Happy Anniversary to the Early Internet's First Network-Wide Crash - motherboard
http://motherboard.vice.com/read/happy-anniversary-to-the-early-internets-first-network-wide-crash

======
Animats
No, there were earlier ARPANET-wide failures. The reassembly lockup on
December 21, 1973, for example. See
"[https://tools.ietf.org/html/rfc626"](https://tools.ietf.org/html/rfc626")
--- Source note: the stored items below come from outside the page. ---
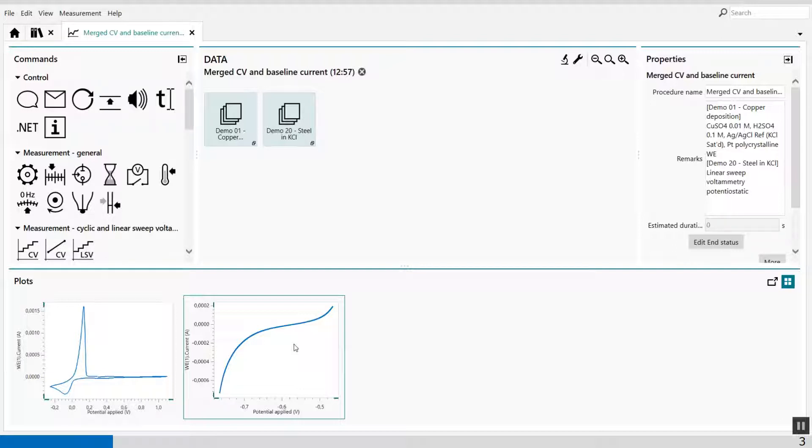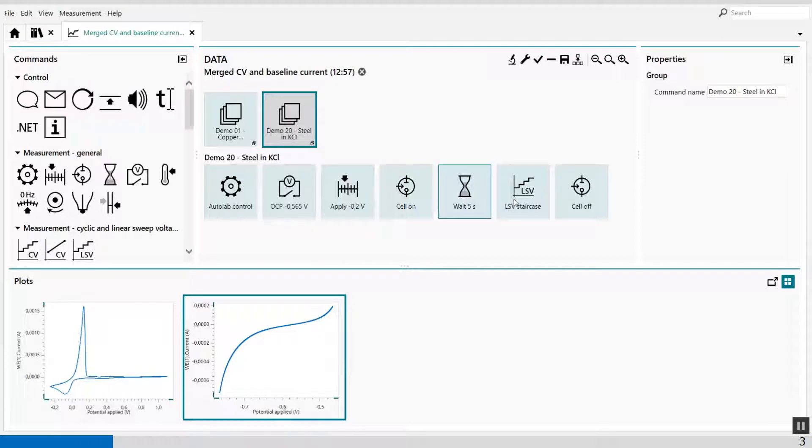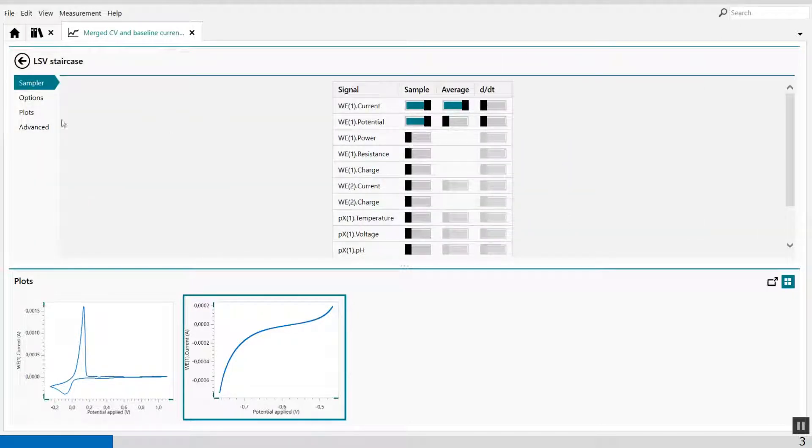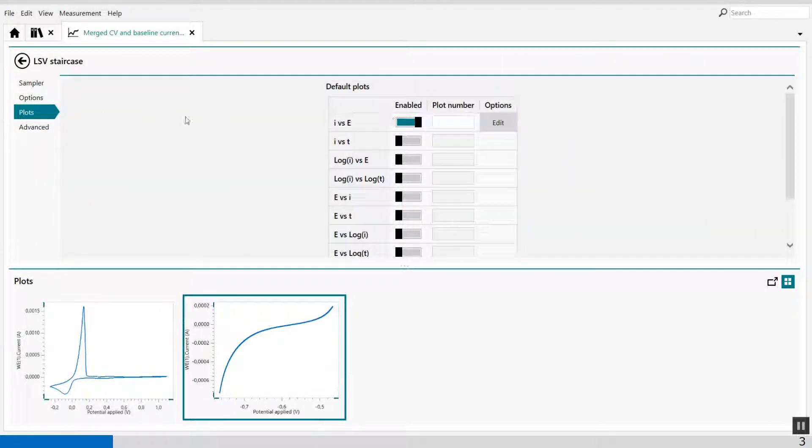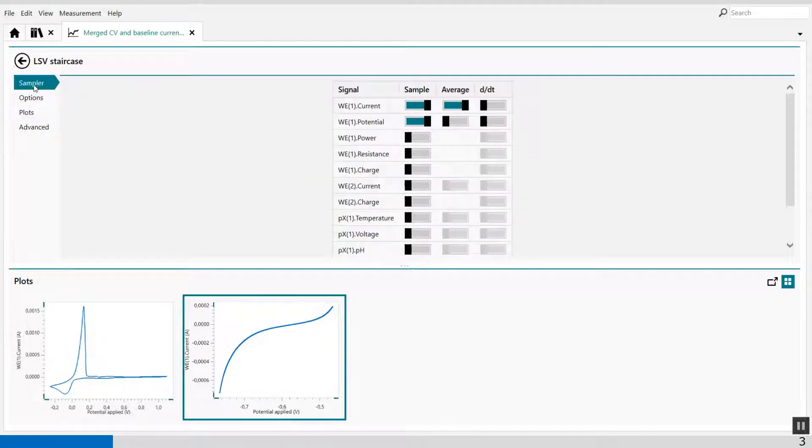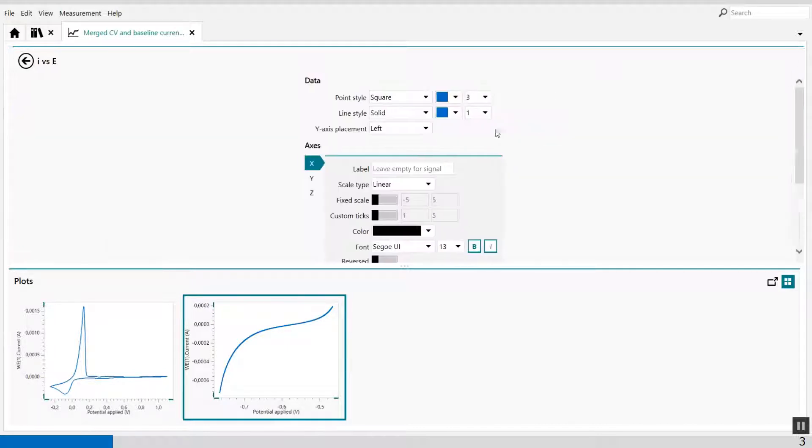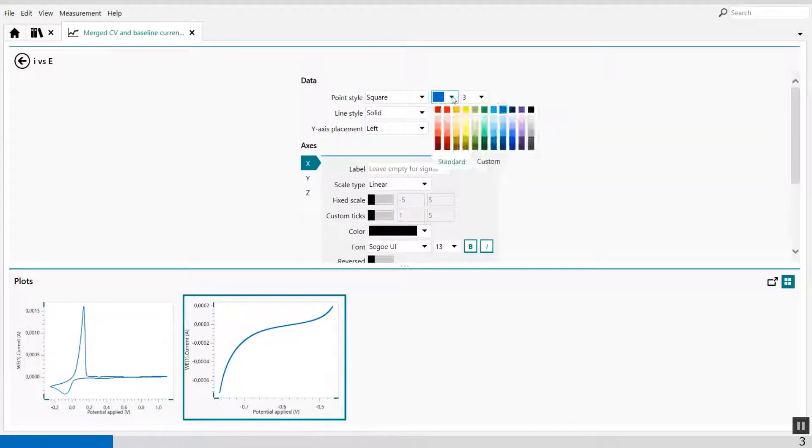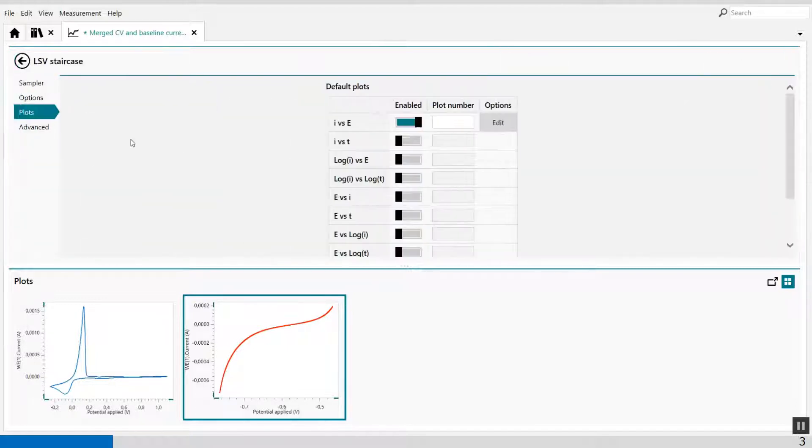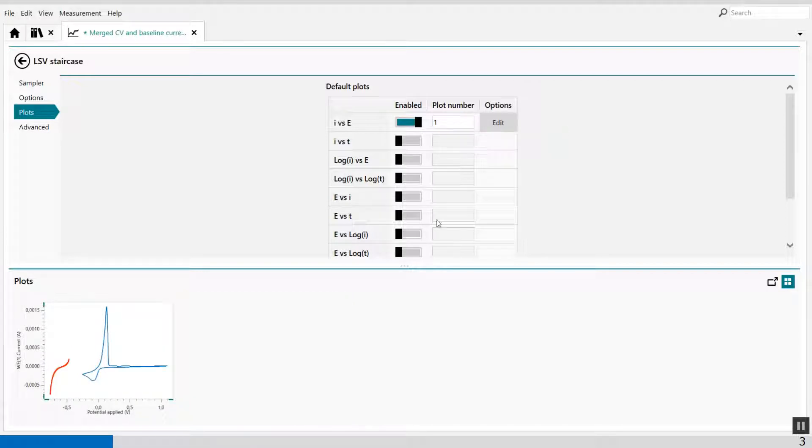What I can do now is I'm going to change the color of my LSV. So I'm going to change it into here into red, and I'm also going to show it in plot number one. Like this. So I have two sets of data in one graph.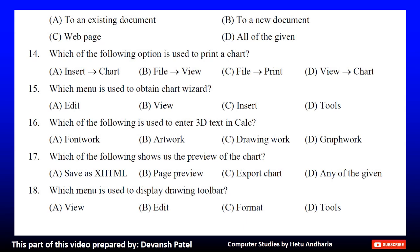Question 17: Which of the following shows us the preview of the chart? A. Save as XHTML, B. Page preview, C. Export chart, or D. Any of the given. The correct answer is B. Page preview. Question 18: Which menu is used to display drawing toolbar? A. View, B. Edit, C. Format, or D. Tools. The correct answer is A. View. I hope you liked this session.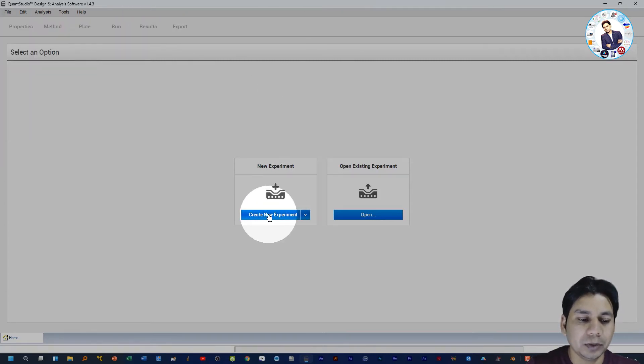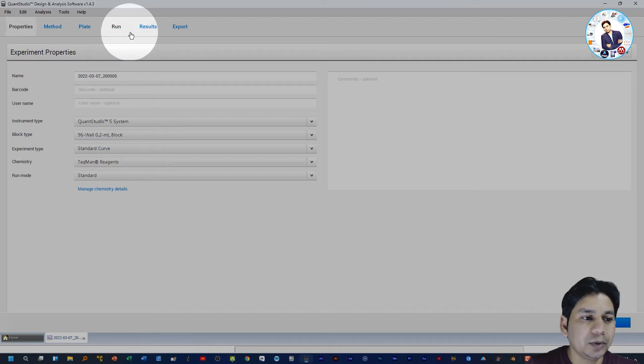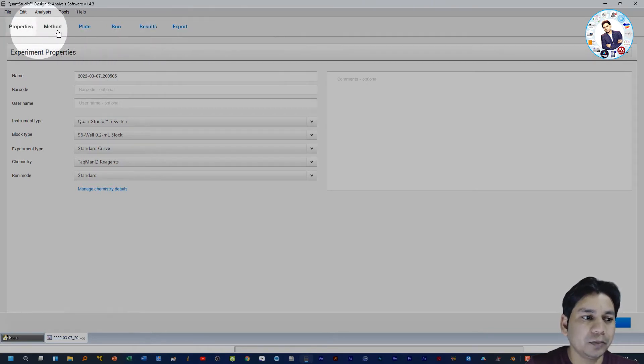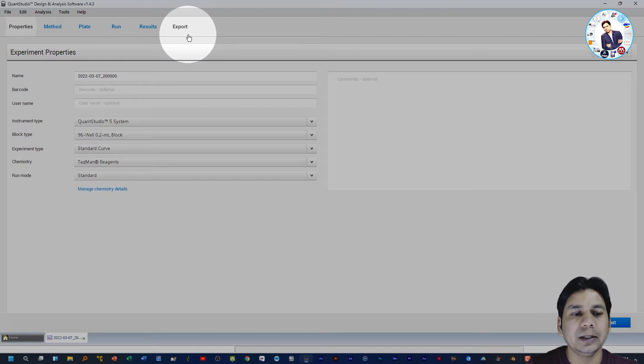Here you can see the steps involved for the experiment setup: Property, Method, Plate, Run, Results, and Export.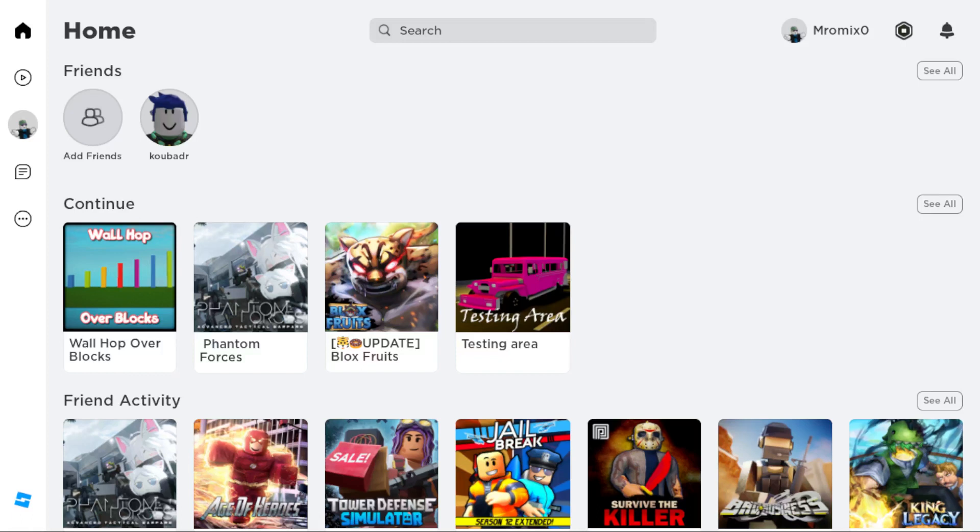If you have the Roblox application on your PC, that will be great. But if you don't have it, you'll need to go and download it through any browser you are using. Once you open your browser, just go and type roblox.com and hit the enter button.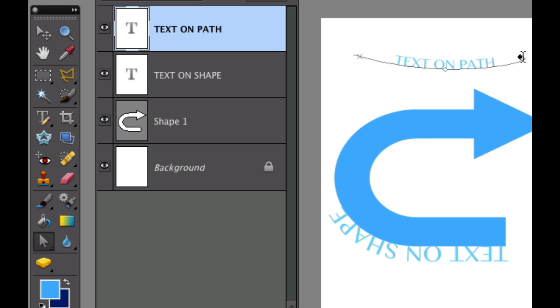And of course I can also move it along the path wherever I want to. So hopefully that helped you, text on path and text on shape.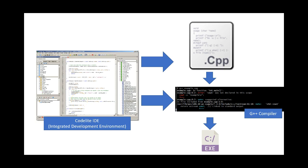In this short series of videos I'm going to show you how to, on Windows, download and install the CodeLite integrated development environment and the G++ compiler.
The ARPANET protocols and IMPs provided a guaranteed delivery system. They did
not drop packets in congested situations. They had flow control back to the
host, so they could prevent hosts from flooding the network. This left the
possibility of network-wide deadlocks where all buffers were in use and
nothing could be forwarded. That happened several times in the ARPANET's
history.

That's why the Internet does not guarantee delivery of IP datagrams.

------
chiph
I got to see an IMP get installed at McClellan AFB in 1986. I had no idea what
it was at the time, but these days .. wow, pretty cool bit of history.

------
drcross
Was this the precursor to the reason why TCP/IP included the TTL field?

------
ojbyrne
I found "...was dropping bits (slivers of binary information)" hilarious.
Would there be anybody reading this article who doesn't know what a bit is?
Especially since a couple of sentences later they use "timestamp" without any
exposition on what that means.